Start of Block
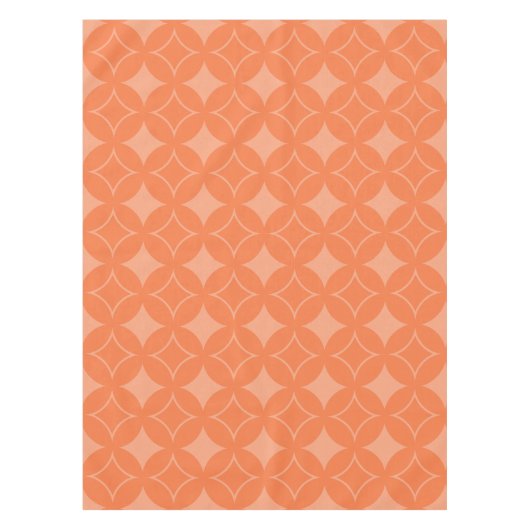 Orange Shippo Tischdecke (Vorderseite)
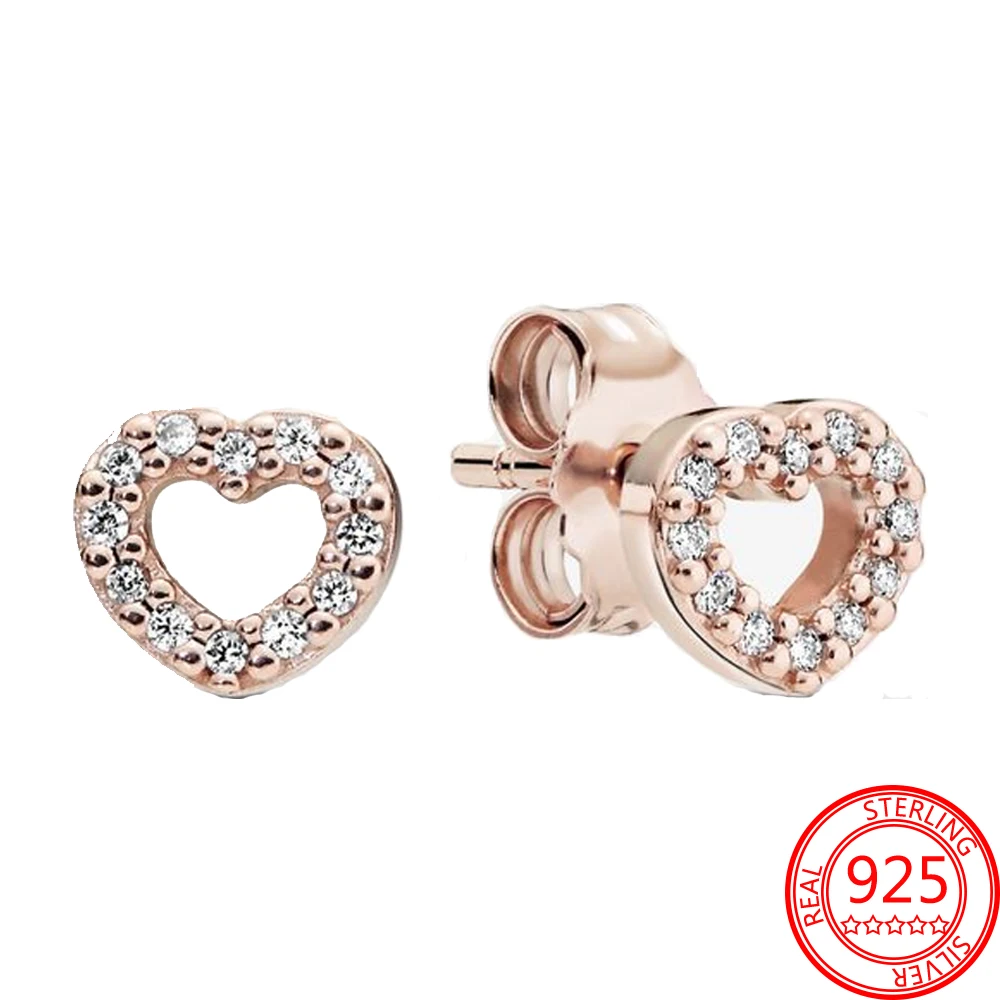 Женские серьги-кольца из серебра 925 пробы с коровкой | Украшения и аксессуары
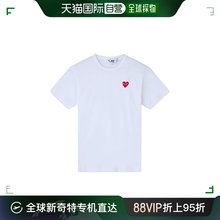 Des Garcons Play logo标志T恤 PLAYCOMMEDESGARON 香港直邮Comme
End of Block
Your objective: Reproduce the listing exactly, but keep its images out of the copy.

Exercise result:
 Orange Shippo Tischdecke (Vorderseite)
 Женские серьги-кольца из серебра 925 пробы с коровкой | Украшения и аксессуары
 Des Garcons Play logo标志T恤 PLAYCOMMEDESGARON 香港直邮Comme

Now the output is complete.